Japan boosts transition to offshore wind power

With the financing in place for Japan’s first large-scale commercial wind farm project, the country is looking to follow in the footsteps of Taiwan and accelerate its transition to renewable energy sources.

The world’s third largest economy is aiming to boost the renewables share of its energy mix from 16% to 24% by 2030, with hydropower contributing 9.2%, solar 7%, biomass 4.6%, wind 1.7%, and geothermal 1.1%.

Marubeni Corporation, through a special purpose company called Akita Offshore Wind Corporation, has decided to implement the construction, operation and maintenance of offshore wind farms at the Akita and Noshiro ports in Akita prefecture.

The 100-billion-yen (US$894.40 million) project will create about 140 megawatts of electric power to be sold to Tohoku Electric Power over 20 years under a power purchase agreement based on the feed-in-tariff programme. The project is expected to commence commercial operations in 2022, with the base for operations and maintenance at the Noshiro port.
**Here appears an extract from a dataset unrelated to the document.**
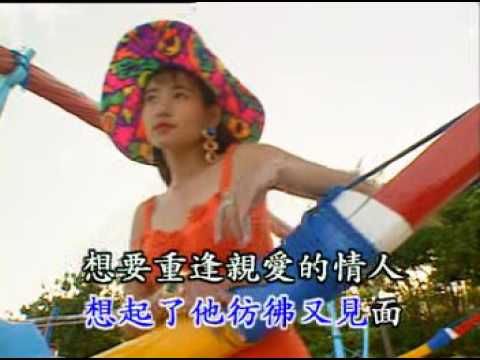尋夢園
“This is an important project as it can serve as a template in the development of the sector going forward,” says Daniel Mallo, managing director and head of natural resources and infrastructure for Asia-Pacific at Societe Generale CIB, which acted as a senior lender in the transaction. “The project also demonstrates the spread of offshore wind farming is beginning to happen across the region.”

The loan agreements for the project were concluded on February 3, and the funding was provided by multiple domestic and foreign financial institutions, with MUFG Bank, Mizuho Bank, and Sumitomo Mitsui Banking acting as joint mandated lead arrangers.
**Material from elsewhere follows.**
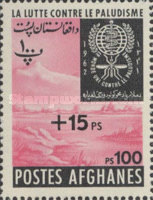 [The Struggle Against Malaria - Issue of 1962 Surcharged, type IS30]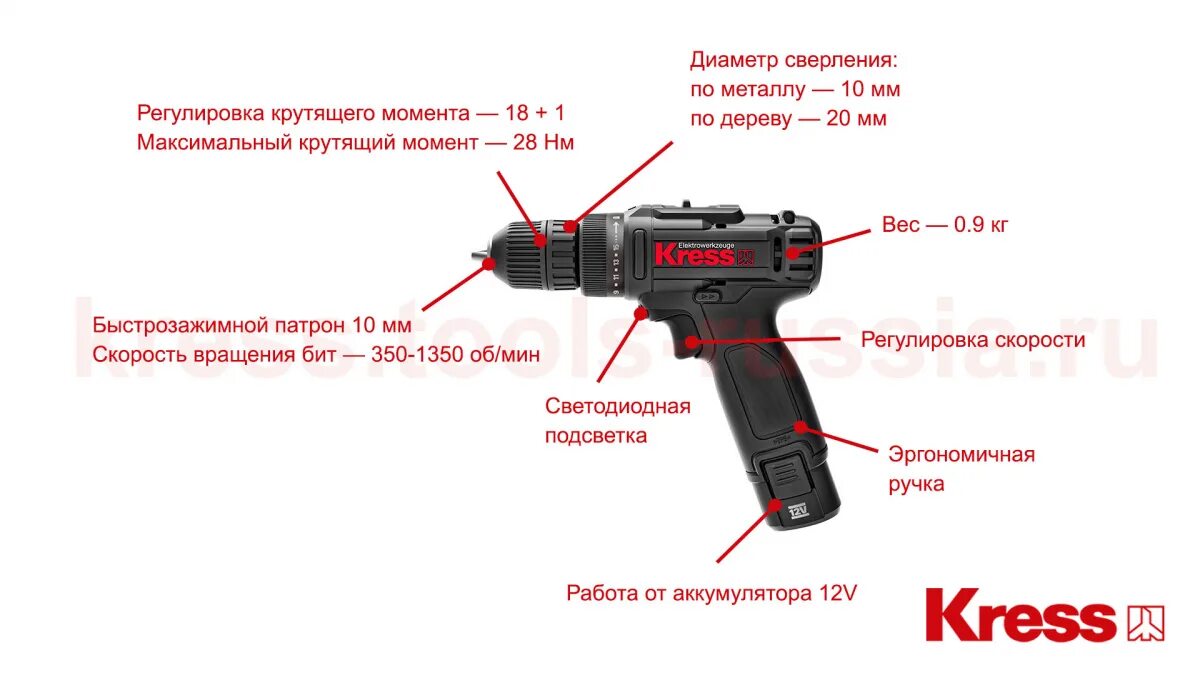 Шуруповерт Kress 12v ku 201. Шуруповерт Kress ku202. Дрель-шуруповерт аккумуляторная Kress, ku201.2, 12в, 2 Ач x2,. Дрель-шуруповерт аккумуляторная Kress ku124. Ампер часы в шуруповерте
In addition to Marubeni, the project sponsors include Obayashi Corporation, Tohoku Sustainable & Renewable Energy , Cosmo Eco Power, Kansai Electric Power , Chubu Electric Power , Akita Bank, Ohmori Company, Sawakigumi Corporation, Kyowa Oil , Katokensetsu Company, Kanpu Company and Sankyo Company.
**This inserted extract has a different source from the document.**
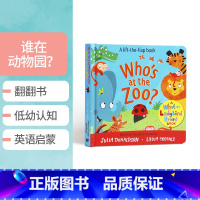 [正版]进口英文原版Who's at the Zoo? A What the Ladybird Heard Book谁在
Japan, unlike some other countries, is constrained in its ability to substantially scale up onshore wind farm and solar projects because it has a high population density and its topography is not conducive to building these projects.

“So, for Japan to accelerate its energy transition to renewables, which was initially driven through solar farm projects, offshore is a good way to go,” Mallo points out. However, while Japan is land-constrained, it has a lot of coastline, which allows offshore wind farm projects to be significantly bigger than those that can be built onshore.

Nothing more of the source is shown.